Analytic Functions

This article describes the analytic functions in Exasol.

Analytic functions perform computations on a window of rows defined by the over_clause. In contrast to GROUP BY, they compute the result for each row of the result set.

Over Clause

The over_clause is used to break up the data in a query into partitions and to determine the order in which the partitions are processed. The over_clause may contain a partition_clause, an order_clause, and a window_frame_clause.

Partition Clause

The partition_clause defines expressions that Exasol uses to partition the result set. To compute the result for a row, the function operates only on the rows in the partition containing the current row. Without the partition_clause, Exasol treats the entire result set as a single partition. If the query does not specify an order_clause nor a window_frame_clause, the default window_frame_clause is ROWS BETWEEN UNBOUNDED PRECEDING AND UNBOUNDED FOLLOWING.

Order Clause

The order_clause specifies the ordering of the data within each partition. If the analytic function contains an order_clause but not a window_frame_clause, the default window_frame_clause is RANGE BETWEEN UNBOUNDED PRECEDING AND CURRENT ROW. If the analytic function does not contain an order_clause, Exasol does not sort the data within each partition. Without sorted data, the use of some analytic functions can cause non-deterministic results.

Window Frame Clause

The window_frame_clause defines a window of rows that Exasol uses as input for computing the analytic function. The window can be specified for each row in terms of window_frame_units relative to the current row and within the partition to which the current row belongs. Exasol supports following window_frame_units:

  • Number of rows

    For example, ROWS BETWEEN 5 PRECEDING AND 5 FOLLOWING, ROWS BETWEEN column_A PRECEDING AND column_B FOLLOWING

  • Range of order values relative to the order value in the current row

    For example, RANGE BETWEEN 5 PRECEDING AND 5 FOLLOWING, RANGE BETWEEN column_A PRECEDING AND column_B FOLLOWING

  • Number of groups of peer rows. Rows with the same order value are called peer rows

    For example, GROUPS BETWEEN 5 PRECEDING AND 5 FOLLOWING, GROUPS BETWEEN column_A PRECEDING AND column_B FOLLOWING

Additionally, it is possible to use UNBOUNDED PRECEDING, CURRENT ROW, and UNBOUNDED FOLLOWING clauses to specify the window boundaries.

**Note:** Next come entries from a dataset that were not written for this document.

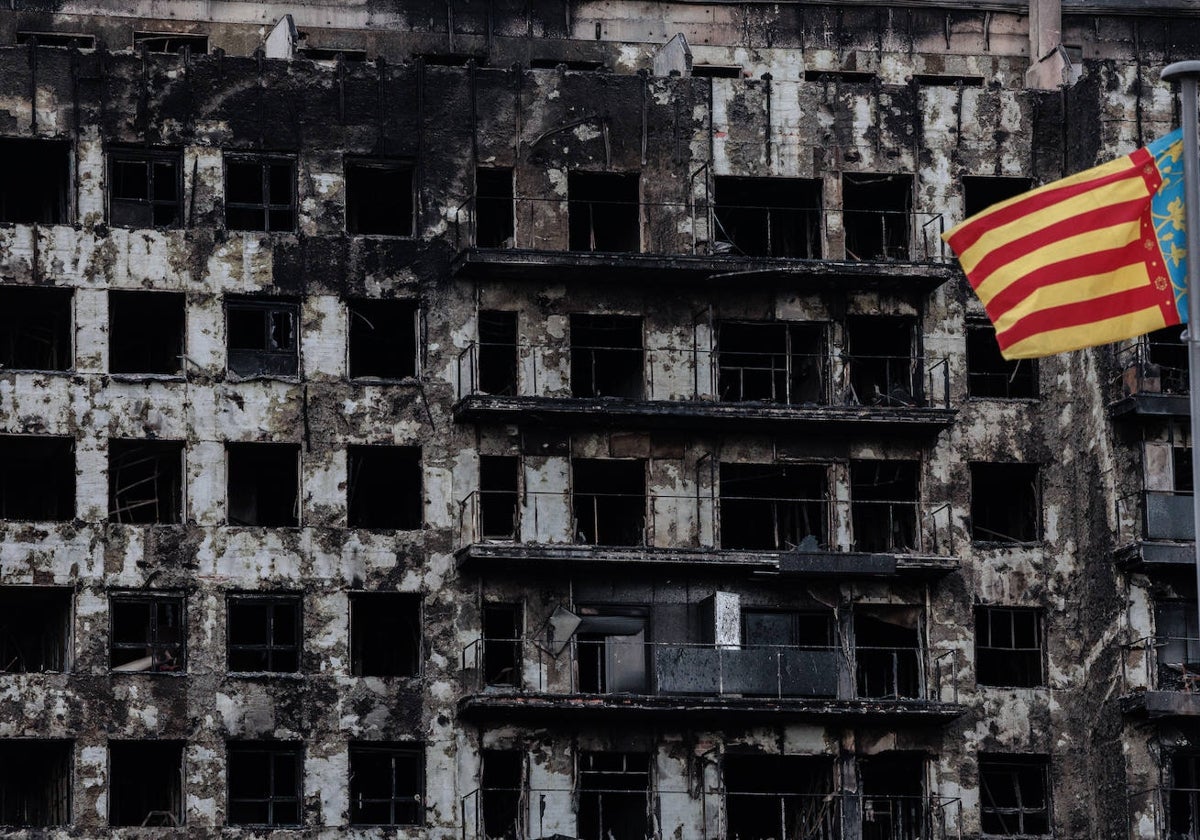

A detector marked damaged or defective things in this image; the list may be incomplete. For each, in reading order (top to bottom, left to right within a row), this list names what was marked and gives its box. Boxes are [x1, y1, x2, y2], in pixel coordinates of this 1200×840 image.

bent metal railing [450, 193, 948, 262]
burned balcony [450, 189, 956, 294]
bent metal railing [454, 340, 952, 408]
burned balcony [454, 334, 952, 434]
burned balcony [1104, 328, 1192, 420]
bent metal railing [454, 486, 952, 556]
burned balcony [458, 480, 956, 576]
bent metal railing [464, 640, 960, 704]
burned balcony [460, 632, 964, 724]
bent metal railing [462, 788, 964, 840]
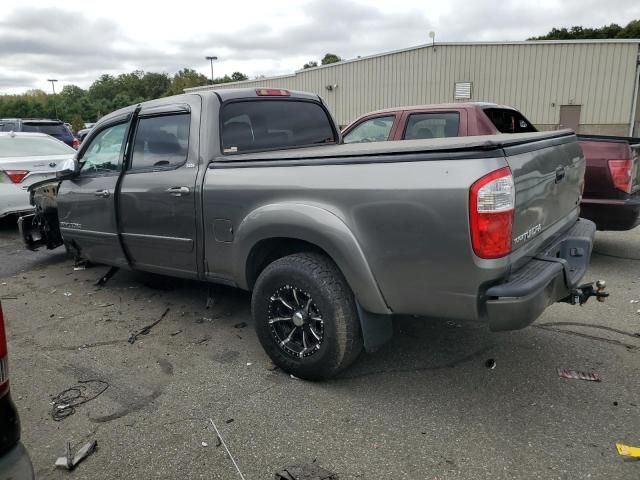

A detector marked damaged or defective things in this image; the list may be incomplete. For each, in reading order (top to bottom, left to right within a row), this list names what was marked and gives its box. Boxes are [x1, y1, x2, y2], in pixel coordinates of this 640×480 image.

Exasol also supports a short form for window frames that use CURRENT ROW. For example, RANGE UNBOUNDED PRECEDING is equivalent to RANGE BETWEEN UNBOUNDED PRECEDING AND CURRENT ROW.

For ROWS or GROUPS, the computed expr in expr PRECEDING or expr FOLLOWING has to be a numeric value greater or equal 0 with scale 0. For RANGE the computed expr in expr PRECEDING or expr FOLLOWING has to be a numeric (or interval) value greater or equal 0.

The following example shows the different results by using window_frame_units:

SELECT 
  part, ord, arg, 
  LISTAGG(arg, ',') OVER (PARTITION BY part ORDER BY ord ROWS BETWEEN 1 PRECEDING AND 1 FOLLOWING) LISTAGG_ROWS, 
  LISTAGG(arg, ',') OVER (PARTITION BY part ORDER BY ord RANGE BETWEEN 1 PRECEDING AND 1 FOLLOWING) LISTAGG_RANGE, 
  LISTAGG(arg, ',') OVER (PARTITION BY part ORDER BY ord GROUPS BETWEEN 1 PRECEDING AND 1 FOLLOWING) LISTAGG_GROUPS 
FROM ex_table ORDER BY part, ord;

Result

PART ORD ARG LISTAGG_ROWS LISTAGG_RANGE LISTAGG_GROUPS
1 1 1 1,2 1,2 1,2
1 2 2 1,2,3 1,2 1,2,3,4
1 5 3 2,3,4 3,4,5 2,3,4,5
1 5 4 3,4,5 3,4,5 2,3,4,5
1 6 5 4,5 3,4,5 3,4,5
2 1 1 1,2 1 1,2,3
2 5 2 1,2,3 2,3,4 1,2,3,4
2 5 3 2,3,4 2,3,4 1,2,3,4
2 6 4 3,4 2,3,4 2,3,4

Window Frame Exclusion Clause

The window_frame_clause may also contain the window_frame_exclusion clause, which makes it possible to exclude certain rows from the window before the computation of the analytic function.

Exclusion Clause Description
EXCLUDE CURRENT ROW Excludes the current row
EXCLUDE GROUP Excludes the group of peer rows (rows with same order value) of the current row
EXCLUDE TIES Excludes the group of peer rows, but keeps the current row in the window
EXCLUDE NO OTHERS Does not exclude any row from the window

If the query does not contain a window_frame_exclusion clause, the default behavior is EXCLUDE NO OTHERS.

Named Window Clause

The window clause allows the definition of named window specifications (i.e., the content of over_clauses) for analytic functions. It allows the association of identifiers (i.e., a window_name) with a specification. By referencing the identifier in the over_clause it is possible to use the same specification several times in a single statement. This shortens the SQL query and increases its readability. Additionally, it is possible to combine named window specifications with each other.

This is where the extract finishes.